Une fois de plus, le philosophe sud-coréen Byung-Chul Han s’inspire du panoptique de Michel Foucault pour développer le concept du panoptique numérique. Dans son livre La société de transparence (2012), il aborde cette visibilité nouvelle, maximale, qui permet de tout voir, à commencer par l’intimité de chacun, par des moyens électroniques qui comprennent les réseaux sociaux, les outils de Google (Earth, Maps, Glass et Street View) et YouTube.
La Corée du Sud, hyperbranchée, dotée de la plus grande vitesse de connexion à Internet au monde, est un laboratoire expérimental de la société de la transparence, une société transformée en une sorte de « terre sainte » de l’Homo numérique pour qui le téléphone portable est le prolongement de la main avec laquelle il « explore » le monde.

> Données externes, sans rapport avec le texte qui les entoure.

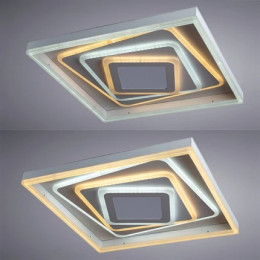 Люстра потолочная A1433PL-1WH Arte Lamp Белый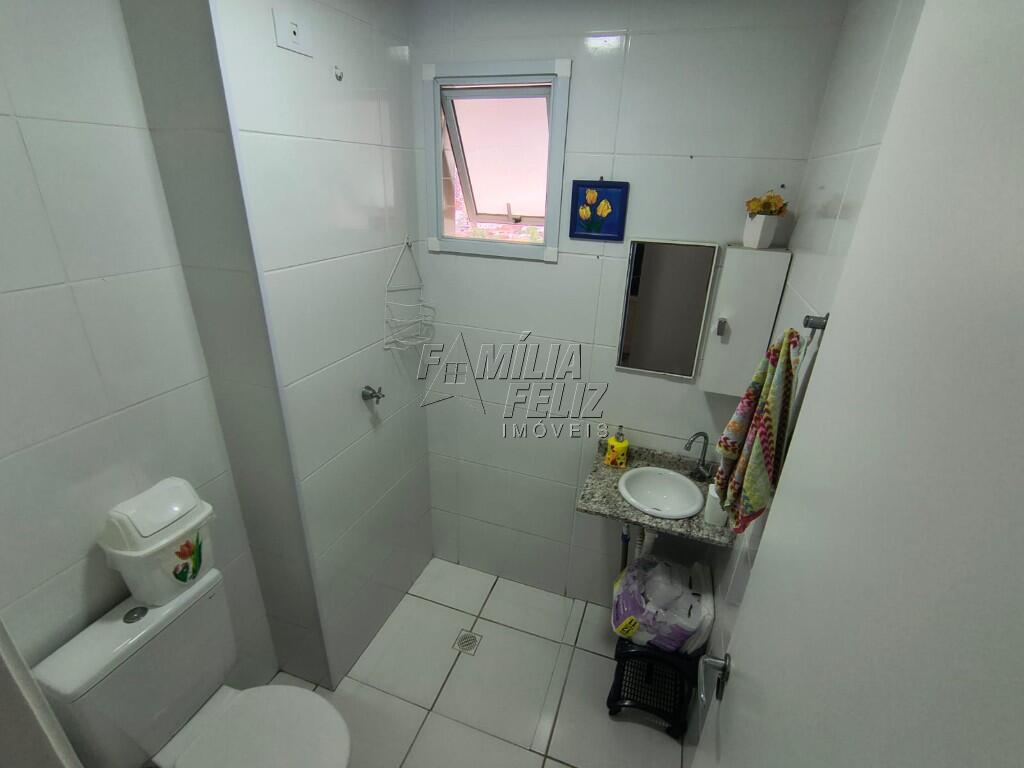 Apartamento com 2 quartos e 74 m² em Vila Caiçara, Praia Grande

Le contrôle panoptique de la société disciplinaire fonctionnait à partir de la perspective linéaire du regard depuis une tour centrale. Les détenus ne se voyaient pas — ils n’apercevaient pas non plus le gardien — et auraient préféré ne pas être observés pour conserver une certaine liberté. En revanche, le panoptique numérique perd ce caractère perspectiviste : dans la matrice cybernétique, tout un chacun voit tout le monde et s’expose à être vu. L’unique point de contrôle associé au regard analogique disparaît : la personne est maintenant observée sous tous les angles. Mais le contrôle perdure, autrement certes, en étant encore plus efficace. Pourquoi? Chaque personne accorde à autrui la possibilité de révéler leur vie privée, générant une vigilance mutuelle. Cette vision globale « transmute la société transparente en une société de contrôle. Tout le monde contrôle tout le monde », écrit le philosophe.
(....) La société de la transparence conclut en affirmant que le monde se développe à l’instar d’un grand panoptique où aucun mur ne sépare l’intérieur de l’extérieur.